Rental car company Avis Budget Group (NASDAQ:CAR) shocked Wall Street last week when it reported, on Thursday evening, a massive earnings beat -- $1.13 per share in profit where analysts had forecast barely $0.15 per share -- and a revenue beat as well.
Despite the good news, Avis stock suffered the next day, falling 8.3%. It's falling again on Monday, trading down by 7.3% as of 1:45 p.m. EST. But why?
You cannot blame Wall Street for this one. In fact, the only analyst ratings change of the day was of the positive sort: TheFly.com reports that Deutsche Bank raised its price target on Avis stock to $38 -- well above the $31 to $32 range it occupied Monday afternoon.
That positive note doesn't seem enough to encourage investors to pile back into Avis Budget stock again -- perhaps because, despite being better than expected, its third-quarter results were not really the kind you could call "good."

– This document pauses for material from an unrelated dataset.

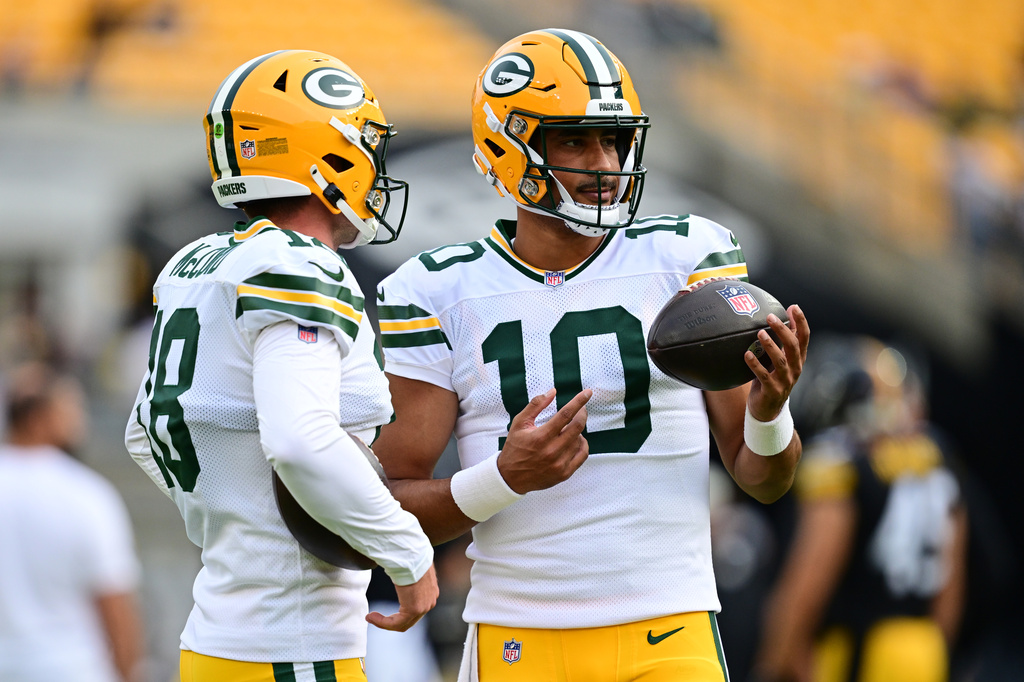 Green Bay Packers' Kyle McCord, left, and Jordan Love (10) talk on the field during warmups before a preseason NFL football game against the Pittsburgh Steelers in Pittsburgh, Thursday, Aug. 13, 2026. (AP Photo/David Dermer)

Revenue declined 44% year over year as consumer demand for rental cars remained anemic amid the pandemic-prompted travel drought. Moreover, Avis warned that "normal fourth quarter seasonal declines in demand as we move from the peak summer period to the shoulder fall and winter period" could sap revenues even further.
Avis Budget is trying to make the best of a lousy situation. The company says it cut $1 billion from its expenses in Q3, and is "on track to deliver more than $2.5 billion of cost removal for the full year." Cash flow was positive in the quarter, and year to date, it was positive to the tune of $632 million. And Avis has raised a further $2.6 billion in cash by liquidating inventory and "right-sizing" its rental fleet.
The real question now is whether even this is going to be enough to keep the car rental giant afloat under the weight of its $15.2 billion debt burden -- or whether Avis will ultimately follow Hertz into bankruptcy.